Maximum profit earned on weighted un-directed tree

Question

I came across this problem while giving a sample test. The problem was that we have given a tree which is undirected. We can start from any node of our choice. Initially we have power "P" and while going from one node to other node we loose some power "X" (consider as cost of travelling) and earn some profit "Y". So we need to tell that what is the maximum profit that we can earn with a given power ?

Example: First line contains number of nodes and initial power

Next n-1 lines contains node-node-cost-profit

5 4

1 2 1 2

1 3 2 3

1 4 2 4

4 5 2 2

Answer => 7. We can start from 4 and go to 1 and than to 3.

I have applied DFS on this to get maximum profit earned by traversing every single path.

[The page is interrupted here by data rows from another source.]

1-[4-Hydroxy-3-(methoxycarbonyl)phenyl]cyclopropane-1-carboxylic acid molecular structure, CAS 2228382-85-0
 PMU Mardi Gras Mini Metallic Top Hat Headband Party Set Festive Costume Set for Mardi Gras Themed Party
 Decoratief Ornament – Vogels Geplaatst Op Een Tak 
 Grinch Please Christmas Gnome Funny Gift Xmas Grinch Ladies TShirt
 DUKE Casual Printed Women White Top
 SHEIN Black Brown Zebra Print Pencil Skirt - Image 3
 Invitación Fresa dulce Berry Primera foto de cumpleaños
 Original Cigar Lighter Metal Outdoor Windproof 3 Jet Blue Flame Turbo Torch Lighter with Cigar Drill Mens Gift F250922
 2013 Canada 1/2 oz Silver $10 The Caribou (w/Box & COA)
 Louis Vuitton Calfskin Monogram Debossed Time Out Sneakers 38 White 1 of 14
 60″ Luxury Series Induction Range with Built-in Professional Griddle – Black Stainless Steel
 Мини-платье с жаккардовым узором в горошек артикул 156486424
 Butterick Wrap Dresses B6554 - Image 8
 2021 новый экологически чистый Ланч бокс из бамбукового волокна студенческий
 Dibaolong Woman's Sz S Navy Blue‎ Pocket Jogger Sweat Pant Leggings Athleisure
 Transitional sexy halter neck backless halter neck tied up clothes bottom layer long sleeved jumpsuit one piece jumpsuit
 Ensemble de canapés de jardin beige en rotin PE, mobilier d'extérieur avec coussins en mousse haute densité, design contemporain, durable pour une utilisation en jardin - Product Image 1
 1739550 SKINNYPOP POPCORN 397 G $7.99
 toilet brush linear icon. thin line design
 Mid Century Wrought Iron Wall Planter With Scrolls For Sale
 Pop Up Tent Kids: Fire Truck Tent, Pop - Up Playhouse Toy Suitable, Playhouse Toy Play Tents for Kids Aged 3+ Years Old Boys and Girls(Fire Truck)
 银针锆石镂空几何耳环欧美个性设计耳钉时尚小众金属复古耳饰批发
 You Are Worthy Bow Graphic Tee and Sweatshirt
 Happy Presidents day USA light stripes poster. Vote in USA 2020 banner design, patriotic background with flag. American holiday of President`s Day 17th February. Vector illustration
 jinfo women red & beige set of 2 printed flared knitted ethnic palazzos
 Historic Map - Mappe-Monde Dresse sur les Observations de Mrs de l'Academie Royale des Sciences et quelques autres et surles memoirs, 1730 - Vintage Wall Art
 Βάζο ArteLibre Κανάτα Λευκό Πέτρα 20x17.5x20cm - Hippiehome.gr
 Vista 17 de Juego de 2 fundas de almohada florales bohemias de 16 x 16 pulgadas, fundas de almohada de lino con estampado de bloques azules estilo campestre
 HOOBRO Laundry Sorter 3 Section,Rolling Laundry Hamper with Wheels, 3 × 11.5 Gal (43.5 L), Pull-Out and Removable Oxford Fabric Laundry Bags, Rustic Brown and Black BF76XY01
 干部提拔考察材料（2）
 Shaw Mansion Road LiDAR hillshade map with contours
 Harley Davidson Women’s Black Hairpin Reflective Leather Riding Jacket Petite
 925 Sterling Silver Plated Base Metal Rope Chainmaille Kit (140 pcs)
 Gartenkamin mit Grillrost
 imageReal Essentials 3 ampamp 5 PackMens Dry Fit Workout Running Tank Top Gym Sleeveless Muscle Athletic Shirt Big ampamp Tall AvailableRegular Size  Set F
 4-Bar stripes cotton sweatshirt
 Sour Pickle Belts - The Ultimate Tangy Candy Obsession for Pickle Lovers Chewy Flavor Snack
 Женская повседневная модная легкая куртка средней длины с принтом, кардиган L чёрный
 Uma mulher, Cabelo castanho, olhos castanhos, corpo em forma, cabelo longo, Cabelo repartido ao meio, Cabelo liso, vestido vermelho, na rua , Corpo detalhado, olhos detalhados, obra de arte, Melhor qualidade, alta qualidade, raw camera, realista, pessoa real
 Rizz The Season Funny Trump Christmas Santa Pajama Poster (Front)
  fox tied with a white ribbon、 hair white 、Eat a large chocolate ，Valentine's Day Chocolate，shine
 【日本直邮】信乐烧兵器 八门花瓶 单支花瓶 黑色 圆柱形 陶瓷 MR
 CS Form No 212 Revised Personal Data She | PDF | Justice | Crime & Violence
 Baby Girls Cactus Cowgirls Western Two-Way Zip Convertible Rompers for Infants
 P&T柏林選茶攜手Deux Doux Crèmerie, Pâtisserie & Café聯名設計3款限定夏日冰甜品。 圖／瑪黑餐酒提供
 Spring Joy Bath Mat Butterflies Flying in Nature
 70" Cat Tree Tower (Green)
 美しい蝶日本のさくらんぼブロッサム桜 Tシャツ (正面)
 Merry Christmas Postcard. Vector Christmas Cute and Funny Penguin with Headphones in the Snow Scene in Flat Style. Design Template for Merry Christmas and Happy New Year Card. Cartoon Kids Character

But is there a way to decrease time ???

from collections import defaultdict
class tree:
    def __init__(self,nodes):
        self.nodes = nodes
        self.graph = defaultdict(list)
    def add(self,a,b,charge,profit):
        self.graph[a].append([b,charge,profit])
        self.graph[b].append([a,charge,profit])
    def start(self,power):
        maxi = -1
        visited = [False for i in range(self.nodes)]
        for i in range(1,self.nodes+1):
            powers = power
            visited[i-1] = True
            for j in self.graph[i]:
                temp = self.dfs(j,powers,0,visited)
                if temp > maxi:
                    maxi = temp
            visited[i-1] = False
        return maxi

    def dfs(self,node,powers,profit,visited):
        v,p,pro=node[0],node[1],node[2]
        if powers-p < 0:
            return 0
        if powers-p == 0:
            return profit + pro
        profit += pro
        powers = powers-p
        visited[v-1] = True
        tempo = profit
        for k in self.graph[v]:
            if visited[k[0]-1] == False:
                temp = self.dfs(k,powers,tempo,visited)
                if temp > profit:
                    profit = temp
        visited[v-1] = False
        return profit

t = tree(5)
t.add(1,2,1,2)
t.add(1,3,2,3)
t.add(1,4,2,4)
t.add(4,5,2,2)
print(t.start(4))

Answer 1

You want to find all paths that have length up to P and take maximum of their profits. You can achieve it in O(n log^2 n) time using centroid decomposition.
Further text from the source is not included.